The blue side of Manchester have had to endure their rivals' unmatched success over recent years but are now leading the way thanks to the arrival of Sheikh MansourCOMMENT
By David Lynch
The rivalry between Manchester City and Manchester United has, in the past, been slightly one-sided to say the least.
Both sides cemented their superiority locally following humble beginnings as St Mark’s (West Gorton) and Newton Heath respectively, however, following the second World War, and with the Football League still in its infancy, the clubs began to take rather different paths.
Until this year, City had just two league titles to their name. In fact, the club held the unwanted record of the most prolific winners of English football’s second tier, a detail which is testament to their status as the archetypal yo-yo club.

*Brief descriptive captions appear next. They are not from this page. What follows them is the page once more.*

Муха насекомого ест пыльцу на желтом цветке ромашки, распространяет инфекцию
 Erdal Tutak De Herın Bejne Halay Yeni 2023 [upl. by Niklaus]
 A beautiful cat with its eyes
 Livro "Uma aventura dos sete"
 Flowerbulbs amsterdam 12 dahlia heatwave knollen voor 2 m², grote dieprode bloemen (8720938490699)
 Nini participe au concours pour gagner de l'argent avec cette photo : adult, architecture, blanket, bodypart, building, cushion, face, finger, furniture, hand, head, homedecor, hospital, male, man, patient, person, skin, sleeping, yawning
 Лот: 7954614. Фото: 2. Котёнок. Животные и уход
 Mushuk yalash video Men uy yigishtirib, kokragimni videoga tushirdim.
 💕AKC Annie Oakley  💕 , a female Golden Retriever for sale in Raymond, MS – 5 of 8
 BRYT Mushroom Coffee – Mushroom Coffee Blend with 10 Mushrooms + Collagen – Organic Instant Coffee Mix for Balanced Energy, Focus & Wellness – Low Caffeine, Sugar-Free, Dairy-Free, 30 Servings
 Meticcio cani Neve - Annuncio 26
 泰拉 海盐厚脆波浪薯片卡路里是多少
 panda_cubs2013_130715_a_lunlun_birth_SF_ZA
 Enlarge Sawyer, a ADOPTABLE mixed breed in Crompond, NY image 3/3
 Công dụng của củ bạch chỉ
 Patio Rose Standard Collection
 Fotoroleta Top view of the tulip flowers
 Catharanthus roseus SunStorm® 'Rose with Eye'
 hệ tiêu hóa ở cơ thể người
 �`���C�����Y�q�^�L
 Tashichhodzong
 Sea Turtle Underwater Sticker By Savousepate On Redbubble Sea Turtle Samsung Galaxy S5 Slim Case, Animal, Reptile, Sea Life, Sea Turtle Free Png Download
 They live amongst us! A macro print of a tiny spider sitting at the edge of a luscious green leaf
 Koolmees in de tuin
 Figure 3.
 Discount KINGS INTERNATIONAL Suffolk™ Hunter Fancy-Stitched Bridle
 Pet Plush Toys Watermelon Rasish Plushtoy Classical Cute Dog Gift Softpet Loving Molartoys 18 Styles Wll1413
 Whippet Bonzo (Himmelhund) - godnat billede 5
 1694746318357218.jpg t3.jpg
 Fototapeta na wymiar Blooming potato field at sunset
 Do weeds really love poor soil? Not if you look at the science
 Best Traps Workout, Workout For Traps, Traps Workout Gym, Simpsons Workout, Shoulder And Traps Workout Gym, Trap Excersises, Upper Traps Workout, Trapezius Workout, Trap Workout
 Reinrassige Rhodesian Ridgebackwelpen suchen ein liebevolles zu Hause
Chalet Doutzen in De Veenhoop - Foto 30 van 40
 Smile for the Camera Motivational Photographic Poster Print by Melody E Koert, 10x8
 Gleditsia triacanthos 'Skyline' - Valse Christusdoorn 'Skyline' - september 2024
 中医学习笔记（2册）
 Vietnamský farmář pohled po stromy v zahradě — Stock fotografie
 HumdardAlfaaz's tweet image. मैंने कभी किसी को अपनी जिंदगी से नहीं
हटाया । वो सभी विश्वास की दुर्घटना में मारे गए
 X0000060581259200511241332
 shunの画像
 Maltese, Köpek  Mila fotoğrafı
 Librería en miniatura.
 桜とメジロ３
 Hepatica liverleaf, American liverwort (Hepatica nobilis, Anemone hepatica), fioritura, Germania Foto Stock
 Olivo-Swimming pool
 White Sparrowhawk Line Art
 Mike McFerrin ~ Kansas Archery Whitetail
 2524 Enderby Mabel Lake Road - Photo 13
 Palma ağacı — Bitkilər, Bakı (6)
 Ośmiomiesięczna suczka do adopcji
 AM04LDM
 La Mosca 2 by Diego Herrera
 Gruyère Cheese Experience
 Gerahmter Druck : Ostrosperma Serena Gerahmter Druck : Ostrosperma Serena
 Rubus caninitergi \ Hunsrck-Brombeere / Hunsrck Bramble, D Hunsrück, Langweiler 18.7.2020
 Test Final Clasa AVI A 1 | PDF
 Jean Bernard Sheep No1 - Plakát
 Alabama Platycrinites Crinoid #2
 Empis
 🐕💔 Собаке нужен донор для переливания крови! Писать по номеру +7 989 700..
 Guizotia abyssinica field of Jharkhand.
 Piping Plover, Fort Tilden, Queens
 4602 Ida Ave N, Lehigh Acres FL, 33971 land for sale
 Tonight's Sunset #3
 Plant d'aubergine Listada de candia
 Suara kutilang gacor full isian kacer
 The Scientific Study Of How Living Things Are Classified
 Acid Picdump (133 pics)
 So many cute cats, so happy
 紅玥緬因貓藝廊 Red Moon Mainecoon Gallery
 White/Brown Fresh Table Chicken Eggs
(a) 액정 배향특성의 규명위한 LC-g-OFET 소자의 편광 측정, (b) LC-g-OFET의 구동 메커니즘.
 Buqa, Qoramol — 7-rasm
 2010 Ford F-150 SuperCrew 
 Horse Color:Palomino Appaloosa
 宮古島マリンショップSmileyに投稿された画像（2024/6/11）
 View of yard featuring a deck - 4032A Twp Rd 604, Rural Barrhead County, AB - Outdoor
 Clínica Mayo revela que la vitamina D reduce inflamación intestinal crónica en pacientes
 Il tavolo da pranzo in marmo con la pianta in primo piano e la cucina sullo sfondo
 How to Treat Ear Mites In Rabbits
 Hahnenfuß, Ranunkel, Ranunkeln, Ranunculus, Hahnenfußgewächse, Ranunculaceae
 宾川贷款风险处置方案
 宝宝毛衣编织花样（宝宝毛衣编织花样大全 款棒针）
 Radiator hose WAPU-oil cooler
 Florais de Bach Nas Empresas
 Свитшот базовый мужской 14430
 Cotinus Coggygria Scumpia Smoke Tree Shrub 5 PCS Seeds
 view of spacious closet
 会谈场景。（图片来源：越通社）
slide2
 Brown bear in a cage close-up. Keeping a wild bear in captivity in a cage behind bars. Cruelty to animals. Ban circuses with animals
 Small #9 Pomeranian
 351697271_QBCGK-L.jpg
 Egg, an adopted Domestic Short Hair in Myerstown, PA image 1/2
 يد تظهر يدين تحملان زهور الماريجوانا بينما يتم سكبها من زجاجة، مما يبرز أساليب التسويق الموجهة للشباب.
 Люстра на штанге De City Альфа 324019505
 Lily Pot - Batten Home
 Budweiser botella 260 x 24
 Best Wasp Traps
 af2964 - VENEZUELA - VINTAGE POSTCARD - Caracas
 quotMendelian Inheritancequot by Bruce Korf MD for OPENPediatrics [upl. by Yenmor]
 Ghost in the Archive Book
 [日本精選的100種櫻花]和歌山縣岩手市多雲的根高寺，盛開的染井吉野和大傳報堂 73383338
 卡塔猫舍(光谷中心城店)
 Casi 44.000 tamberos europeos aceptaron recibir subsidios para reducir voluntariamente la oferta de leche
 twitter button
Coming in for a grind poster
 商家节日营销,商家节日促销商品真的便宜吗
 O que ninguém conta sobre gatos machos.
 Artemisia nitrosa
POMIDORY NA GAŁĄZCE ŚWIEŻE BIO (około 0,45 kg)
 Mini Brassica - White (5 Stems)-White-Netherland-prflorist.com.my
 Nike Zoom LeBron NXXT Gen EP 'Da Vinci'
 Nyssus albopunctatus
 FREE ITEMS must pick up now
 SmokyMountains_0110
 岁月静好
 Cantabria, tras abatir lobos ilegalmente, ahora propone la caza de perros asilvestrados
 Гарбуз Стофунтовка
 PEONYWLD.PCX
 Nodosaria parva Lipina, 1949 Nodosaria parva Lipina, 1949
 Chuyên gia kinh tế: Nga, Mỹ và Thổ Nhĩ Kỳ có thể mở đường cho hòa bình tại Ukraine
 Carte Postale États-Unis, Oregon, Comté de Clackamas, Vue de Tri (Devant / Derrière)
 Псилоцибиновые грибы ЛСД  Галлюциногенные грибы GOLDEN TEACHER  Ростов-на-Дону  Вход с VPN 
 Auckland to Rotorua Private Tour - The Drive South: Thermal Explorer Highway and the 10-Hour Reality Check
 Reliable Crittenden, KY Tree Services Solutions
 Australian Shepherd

They had to endure such misfortune whilst looking enviously across Manchester – or, as their fans revel in reminding their rivals, across to Salford – witnessing Manchester United win a record number of English league titles, three European Cups and an array of other silverware. Frankly, it cannot have been easy to wear blue over the years.
Working alongside United fans might well have been the definition of torturous water cooler chat; there is little to grab onto by way of riposte when your opposition can simply reference their unrivalled success.
But then, as if by way of reward for years of such hardship, City fans stumbled upon the rarest of levellers in the form of a pile of cash from the outrageously rich Sheikh Mansour in 2008.
The club’s first league win at Old Trafford since 1975 had come that year, but the makeshift nature of the side under Thaksin Shinawatra’s ownership was underlined by the identity of the winning goalscorer - none other than Benjani.
Therefore it was understandable that such a momentous result did not equate to signalling a power shift between the clubs. City would have to wait till 2011 for that era-defining turning point; an FA Cup semi-final at Wembley.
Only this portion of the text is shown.